> Activity:
The line with "[Australia] - Viking" marks the first line to copy, and the line with "Imagem de Ducha" marks the last. Transcribe that stretch of the data below exactly, without pictures.

> Raw data:

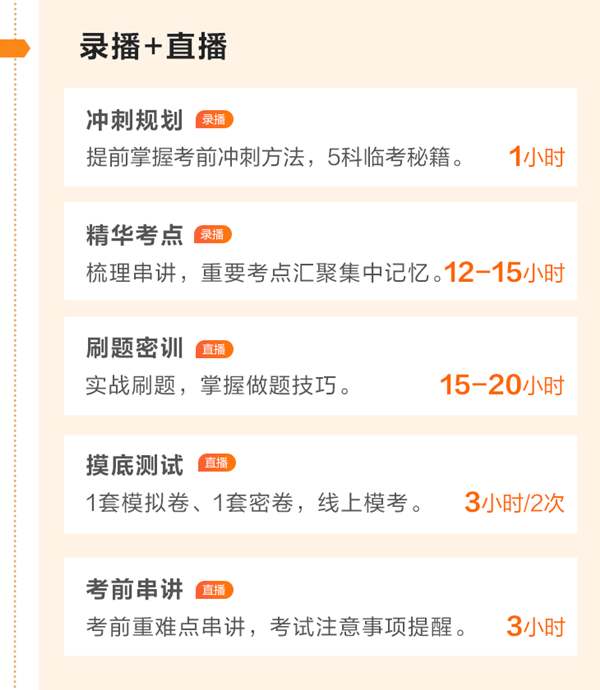 稅務(wù)師考前刷題密訓(xùn)班課程安排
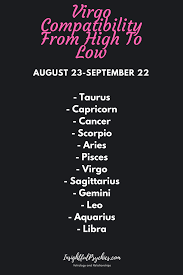 Virgo Compatibility Who Are Their Love Matches Virgo Compatibility Sagittarius Compatibility Aries And Sagittarius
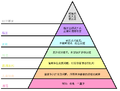 2012年4月26日 (四) 02:26版本的缩略图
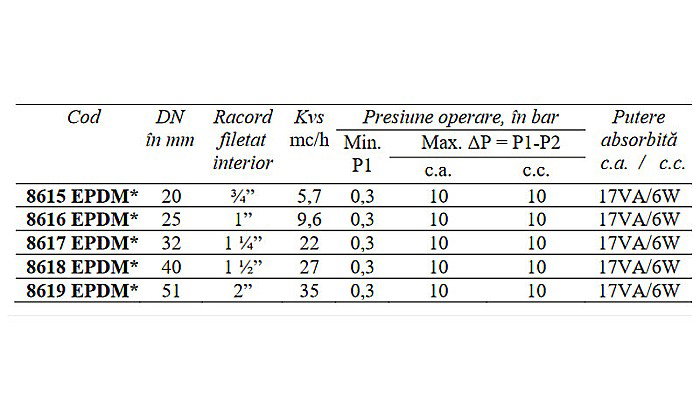 ELECTROVANA APA 1 NORMAL INCHIS 230VCA DN25 130 GRADE CEME 8616 EPDM [2]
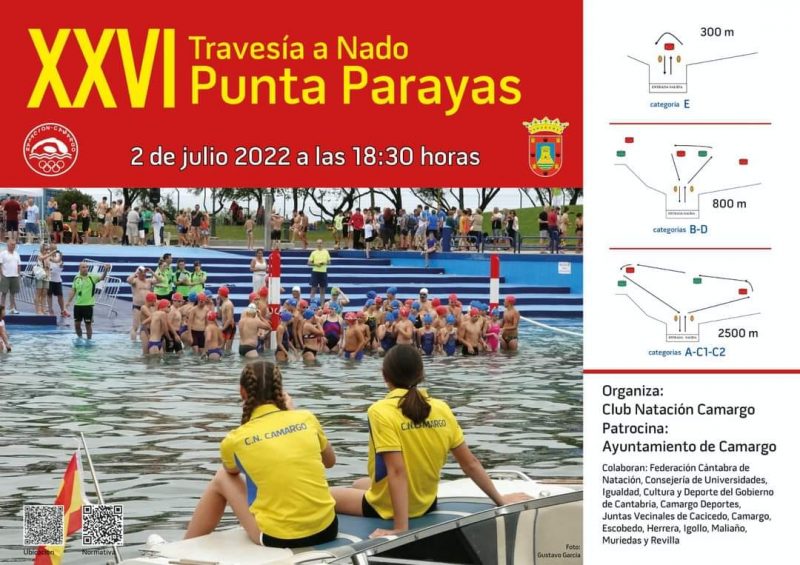 XXVI Travesía a Nado – Punta de Parayas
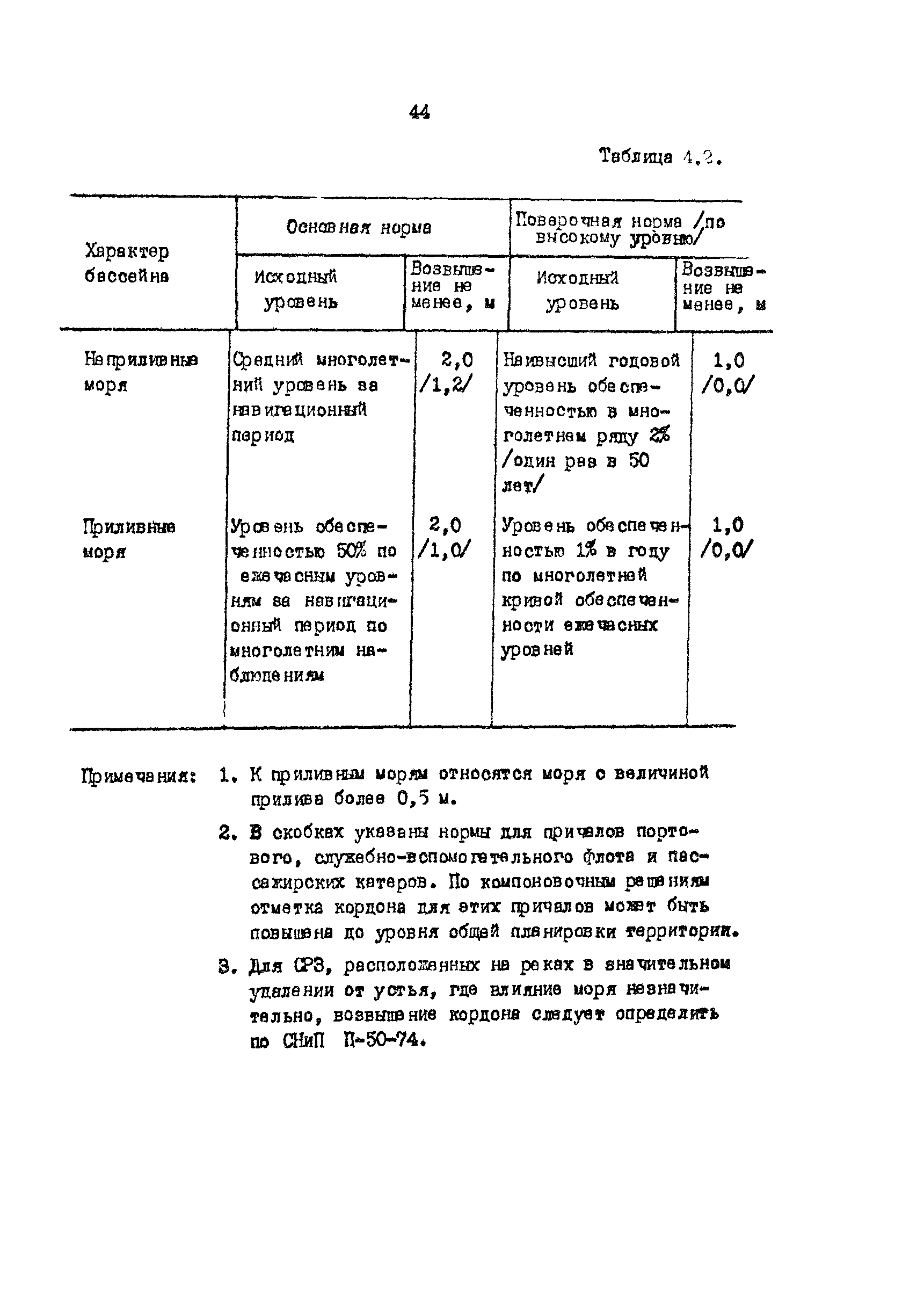 РД 31.31.15-88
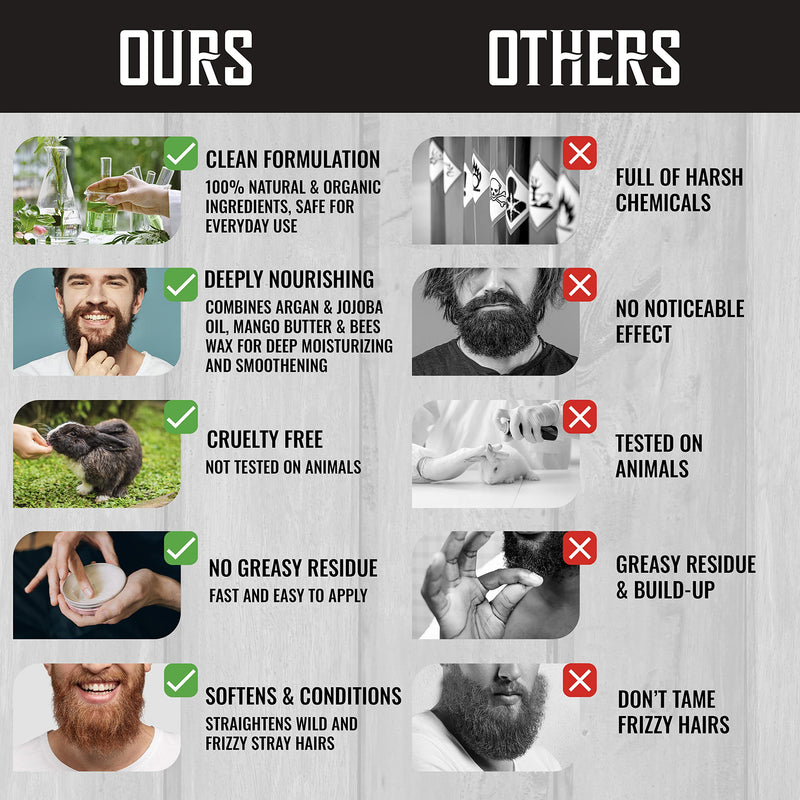[Australia] - Viking Revolution Beard Balm For Men (4x28g) Variety Pack - Sandalwood, Pine & Cedar, Bay Rum, Clary Sage Beard Wax For Men - Styles, Strengthens & Softens For Healthy Beards 28.35 g (Pack of 4) 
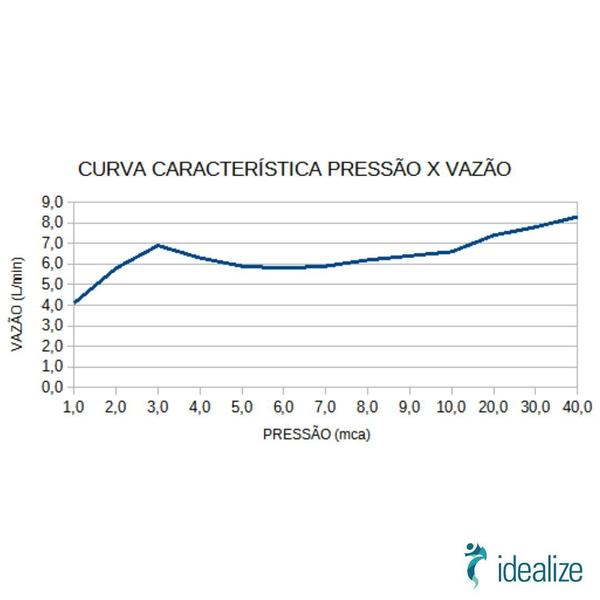 Imagem de Ducha eletronica futura 220v 6800w lorenzetti 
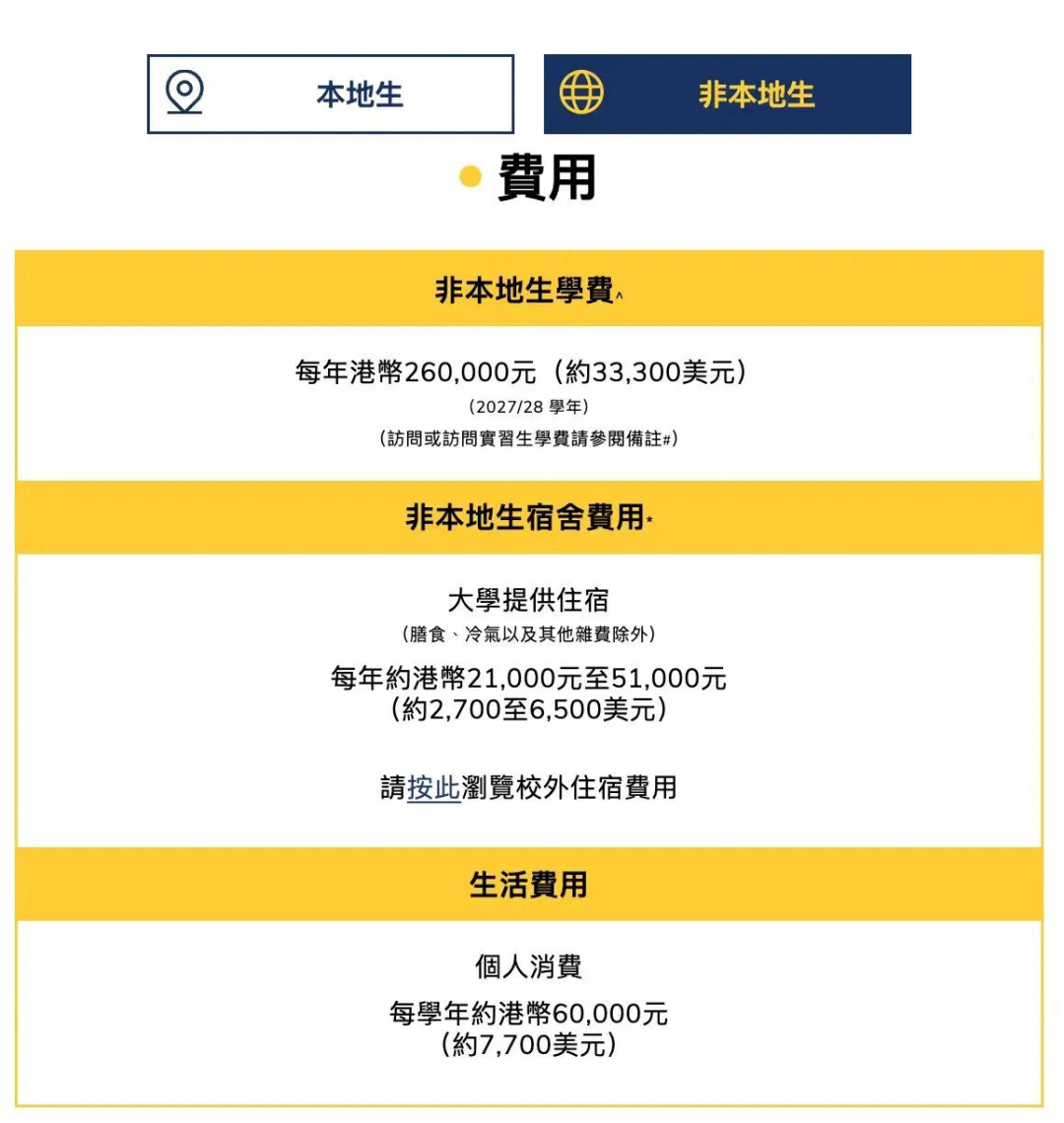 涨疯了!港大四年学费突破百万大关!香港身份到底能省多少? 涨疯了!港大四年学费突破百万大关!香港身份到底能省多少?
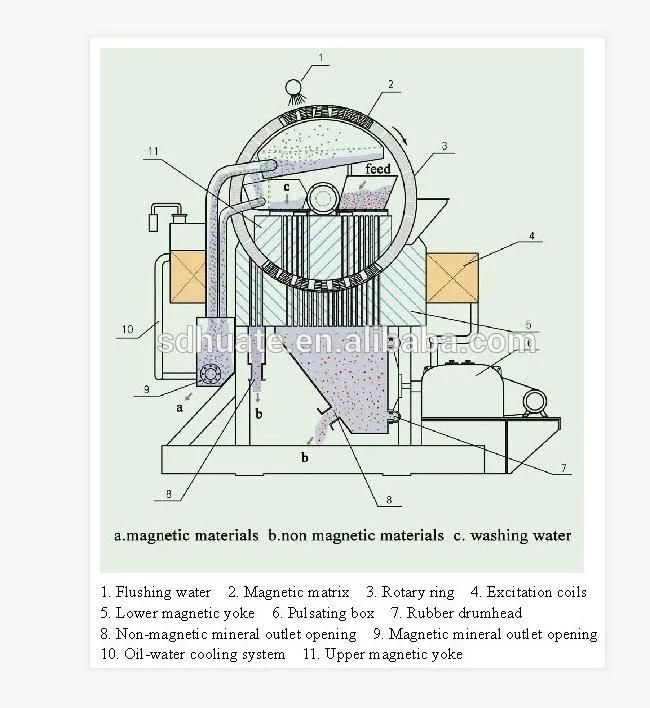 Wet High Intensity Magnetic Separator for Chrome/ Manganese Ore/ Ilmenite/ Siderite/ Spodumene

> Solution for this task:
[Australia] - Viking Revolution Beard Balm For Men (4x28g) Variety Pack - Sandalwood, Pine & Cedar, Bay Rum, Clary Sage Beard Wax For Men - Styles, Strengthens & Softens For Healthy Beards 28.35 g (Pack of 4) 
 Imagem de Ducha eletronica futura 220v 6800w lorenzetti 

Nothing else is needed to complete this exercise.